Step 5) Look for similar phrases in the Bible. Often commentaries can point out similar verses, but it’s amazing how often they miss better cross-references. Matthew 6:22 was brought up in one to illustrate the above verse. Use alternate words to do your concordance search–“heart” or “mind” in place of “spirit” in the verse above for instance.

Step 6) Think. You may choose to think earlier, but in many cases, too much thought can hinder actually seeing the point of the verse! Think about the verse. Is your confusion just over what the words mean? Is your confusion because it goes against something you believe? For this verse above, I immediately thought it was problematic since it was the human spirit that searched the inside, not God’s Spirit. Doesn’t that refute God’s Word and Spirit being the light that illumines human thought and action?

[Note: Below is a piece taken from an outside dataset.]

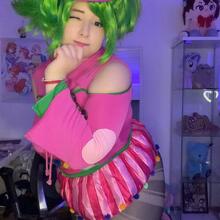  Nude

Step 7) Context. It also helps to examine all the verses around your chosen text. Typically, most verses are part of a greater thought, not just a random nugget dropped in an alien space. Proverbs is one exception, however, and that’s where my verse is from. Context helps me not at all in this verse.

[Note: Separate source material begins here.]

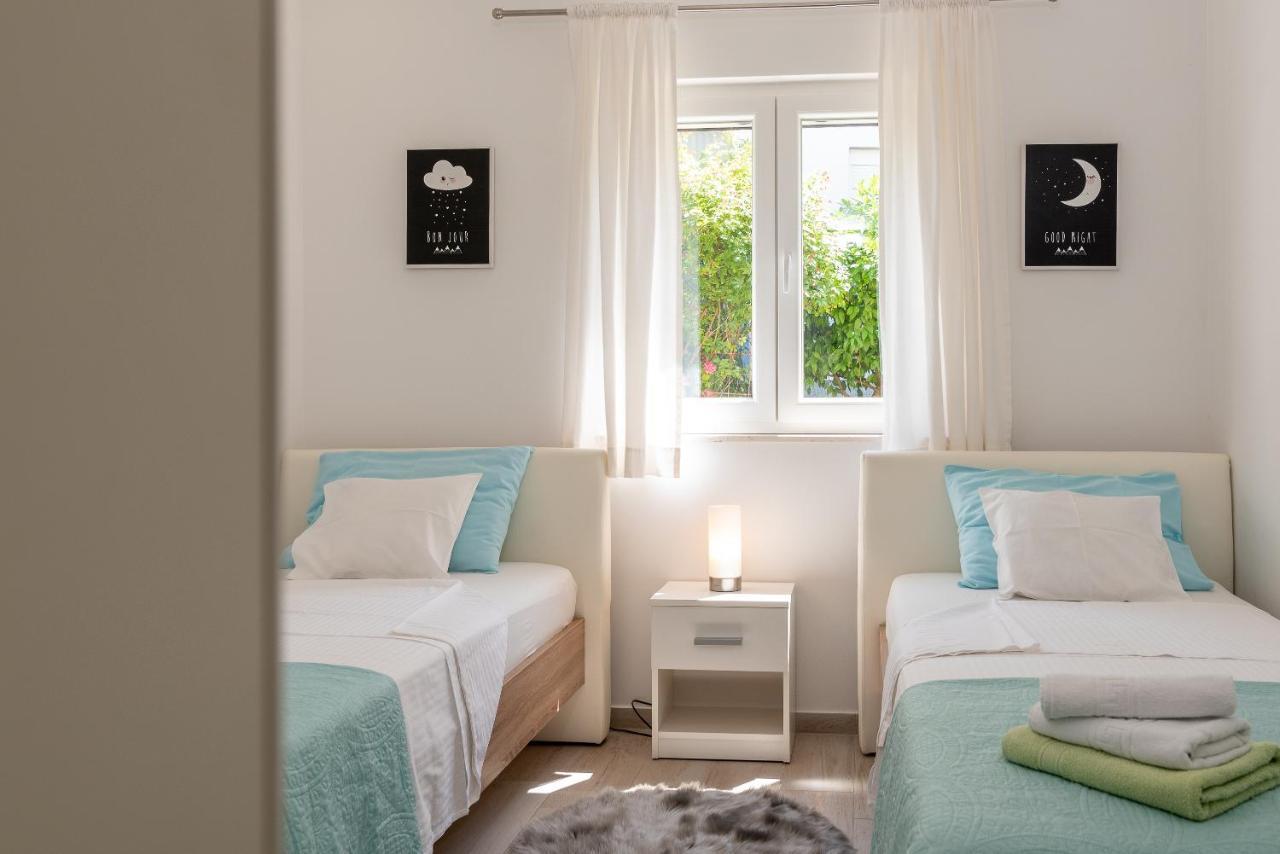 Apartment Ela Trogir Exteriör bild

Step 8) Write something out. Explain your thought in words. Writing helps me, others like to talk it out. Writing is better. You can edit. The process of writing is slower than talking, which helps in analyzing a verse.

Step 9) Present your understanding to peer review. Ask someone else what they think about your theory of the verse. Often, while explaining your new genius thought to someone else, you will realize you have no idea. The process of explaining yourself is often enough to lend understanding. Even if you explain it to someone who has no idea what you are talking about, it’s still helpful to attempt to explain it to someone else. If they do know what you are talking about, they can often lend greater insight.

Step 10) Go with it. Find the meaning and go with it. If it doesn’t satisfy, keep a question in mind as you read the rest of the Bible. Open questions are good. Use the Bible to answer them. Never assume you have the final word on any subject. There is always more to learn. Keep what you have, apply it, see what happens, and keep going, hoping to learn more.

This whole process is for the purpose of learning. We don’t learn the Bible to bash others; we learn it to know God. Don’t fear the process. Don’t fear being wrong. The best part about being wrong is it moves you toward being right. Keep reading the Word. There is so much there. Trust me, we don’t know it all.